Install LM20 in legacy mode (thinkpad T430 BIOS set Both[legacy first]), select 'erase and install' to overwrite a dual boot win10/LM19.3 install in UEFI on sda.
Reboot - why has an 'ubuntu' entry appeared at the top the the BIOS boot list - this is legacy boot, all that should be there is a list of devices??? Select 'ubuntu' and, what a surprise, it won't boot and keeps returning to the BIOS boot list. Select HDD0 and boot into the new LM20.
Why has LM20 created a fat32 partition on a legacy boot? Primary partitions are in short supply on an msdos drive and we don't need the installer un-necessarily using up primary partitions? So what's in that fat32 partition? Reboot into LM19.0 (on another drive) and have a look: Looks like nothing*, so delete partition and reboot into LM20.

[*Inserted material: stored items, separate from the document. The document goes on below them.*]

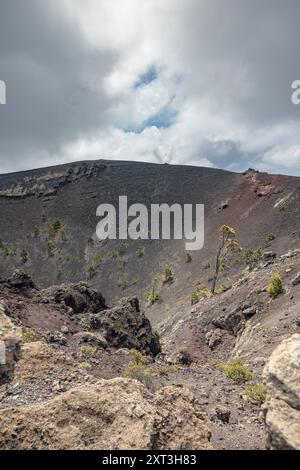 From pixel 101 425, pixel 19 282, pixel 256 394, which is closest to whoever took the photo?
pixel 101 425

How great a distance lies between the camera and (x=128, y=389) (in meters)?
5.82

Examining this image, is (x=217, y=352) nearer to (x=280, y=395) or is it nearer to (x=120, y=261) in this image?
(x=280, y=395)

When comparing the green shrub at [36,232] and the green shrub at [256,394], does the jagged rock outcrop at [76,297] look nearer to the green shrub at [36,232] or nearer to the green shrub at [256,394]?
the green shrub at [256,394]

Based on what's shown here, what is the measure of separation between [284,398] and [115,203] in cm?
7610

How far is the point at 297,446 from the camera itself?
406cm

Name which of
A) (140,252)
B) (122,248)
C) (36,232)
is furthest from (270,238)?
(36,232)

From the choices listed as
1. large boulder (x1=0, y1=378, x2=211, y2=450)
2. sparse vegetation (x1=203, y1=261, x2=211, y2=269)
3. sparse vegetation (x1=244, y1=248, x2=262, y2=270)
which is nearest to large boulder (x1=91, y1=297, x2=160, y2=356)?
large boulder (x1=0, y1=378, x2=211, y2=450)

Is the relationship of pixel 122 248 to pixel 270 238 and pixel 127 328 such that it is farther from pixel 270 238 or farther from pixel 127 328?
pixel 127 328

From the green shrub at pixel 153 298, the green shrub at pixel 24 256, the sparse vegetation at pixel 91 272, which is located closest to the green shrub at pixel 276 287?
the green shrub at pixel 153 298

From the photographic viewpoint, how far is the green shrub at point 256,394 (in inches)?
352

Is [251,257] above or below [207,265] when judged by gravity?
above

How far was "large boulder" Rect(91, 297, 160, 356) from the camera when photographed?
17891 millimetres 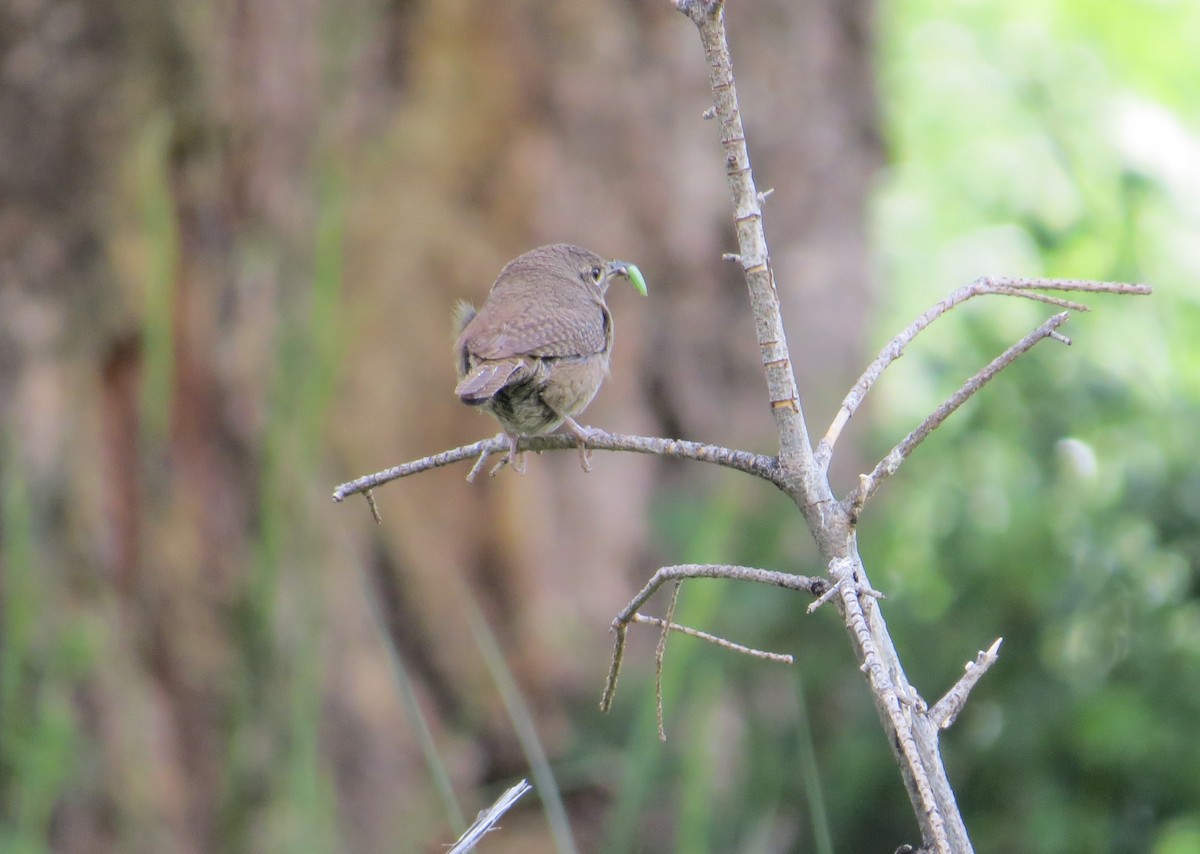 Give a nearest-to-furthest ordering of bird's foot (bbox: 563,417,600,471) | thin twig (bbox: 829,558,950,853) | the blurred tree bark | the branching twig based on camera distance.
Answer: thin twig (bbox: 829,558,950,853) → the branching twig → bird's foot (bbox: 563,417,600,471) → the blurred tree bark

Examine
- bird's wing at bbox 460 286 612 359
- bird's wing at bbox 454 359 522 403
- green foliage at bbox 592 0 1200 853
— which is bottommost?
green foliage at bbox 592 0 1200 853

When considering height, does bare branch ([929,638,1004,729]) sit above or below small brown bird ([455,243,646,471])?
below

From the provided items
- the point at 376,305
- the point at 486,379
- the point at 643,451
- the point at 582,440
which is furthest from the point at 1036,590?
the point at 376,305

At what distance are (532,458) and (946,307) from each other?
4129 mm

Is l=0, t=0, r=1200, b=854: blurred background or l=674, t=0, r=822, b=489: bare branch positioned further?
l=0, t=0, r=1200, b=854: blurred background

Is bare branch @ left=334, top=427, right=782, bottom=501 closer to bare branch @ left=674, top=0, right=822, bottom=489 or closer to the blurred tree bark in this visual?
bare branch @ left=674, top=0, right=822, bottom=489

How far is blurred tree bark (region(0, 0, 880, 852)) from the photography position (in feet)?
17.6

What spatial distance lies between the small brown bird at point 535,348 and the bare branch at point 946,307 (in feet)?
3.81

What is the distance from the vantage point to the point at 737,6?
674 cm

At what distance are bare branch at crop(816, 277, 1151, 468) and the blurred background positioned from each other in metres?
1.19

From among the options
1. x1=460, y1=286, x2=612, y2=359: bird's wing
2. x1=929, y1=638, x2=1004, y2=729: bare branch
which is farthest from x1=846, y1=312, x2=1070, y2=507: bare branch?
x1=460, y1=286, x2=612, y2=359: bird's wing

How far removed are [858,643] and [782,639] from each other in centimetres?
359

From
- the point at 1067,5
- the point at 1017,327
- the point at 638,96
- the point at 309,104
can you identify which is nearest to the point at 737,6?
the point at 638,96

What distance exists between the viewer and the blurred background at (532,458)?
4020 millimetres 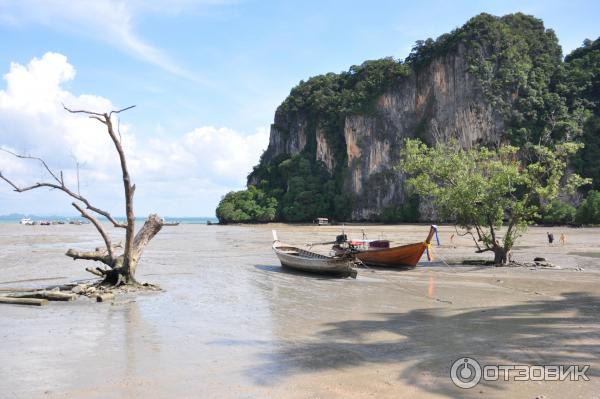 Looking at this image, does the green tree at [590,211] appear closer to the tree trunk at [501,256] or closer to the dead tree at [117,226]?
the tree trunk at [501,256]

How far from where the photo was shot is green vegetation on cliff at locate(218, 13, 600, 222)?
6706 centimetres

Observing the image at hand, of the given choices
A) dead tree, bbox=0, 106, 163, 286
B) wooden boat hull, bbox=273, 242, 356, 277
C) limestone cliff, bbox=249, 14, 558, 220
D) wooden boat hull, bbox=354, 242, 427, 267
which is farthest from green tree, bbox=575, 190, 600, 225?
dead tree, bbox=0, 106, 163, 286

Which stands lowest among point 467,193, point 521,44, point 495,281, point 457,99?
point 495,281

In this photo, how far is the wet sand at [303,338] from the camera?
23.2ft

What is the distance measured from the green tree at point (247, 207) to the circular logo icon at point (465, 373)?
269ft

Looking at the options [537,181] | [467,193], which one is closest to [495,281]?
[467,193]

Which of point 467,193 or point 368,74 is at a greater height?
point 368,74

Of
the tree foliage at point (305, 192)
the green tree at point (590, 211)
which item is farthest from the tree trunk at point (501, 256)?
the tree foliage at point (305, 192)

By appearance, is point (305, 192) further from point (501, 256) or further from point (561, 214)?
point (501, 256)

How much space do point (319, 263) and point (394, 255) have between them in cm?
462

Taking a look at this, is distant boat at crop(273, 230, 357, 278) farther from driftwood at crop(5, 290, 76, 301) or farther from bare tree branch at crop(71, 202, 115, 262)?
driftwood at crop(5, 290, 76, 301)

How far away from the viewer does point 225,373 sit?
25.4ft

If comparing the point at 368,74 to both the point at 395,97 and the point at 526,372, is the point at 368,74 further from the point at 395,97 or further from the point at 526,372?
the point at 526,372

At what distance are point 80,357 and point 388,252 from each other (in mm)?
16334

It did boot, I didn't time it, but subjectively it seemed to take lot longer than the previous boot into LM20 when the pseudo EFI partition was present. Not about to repeat the experiment, life's too short.
Conclusion - I think the mint/ubuntu team have screwed up the legacy install, probably on the basis that they don't care about legacy anymore.
Recommendation - if you want to install in legacy mode, pre-partition your drive with gparted and use the 'something else' option during install.
The other thing I noticed (this was cinnamon), in nemo:
- LM19.0 - devices pane on the left shows the other drives/partitions in the system, e.g. xyzGB volume (there are three drives in this laptop).
- LM20 - under devices - nothing (but the other drives were visible in 'disks'). Guess this is probably a setting somewhere.
*EDIT - didn't check to see if 'show hidden files' was enabled in nemo. Whoops... EDIT2 - show hidden was enabled.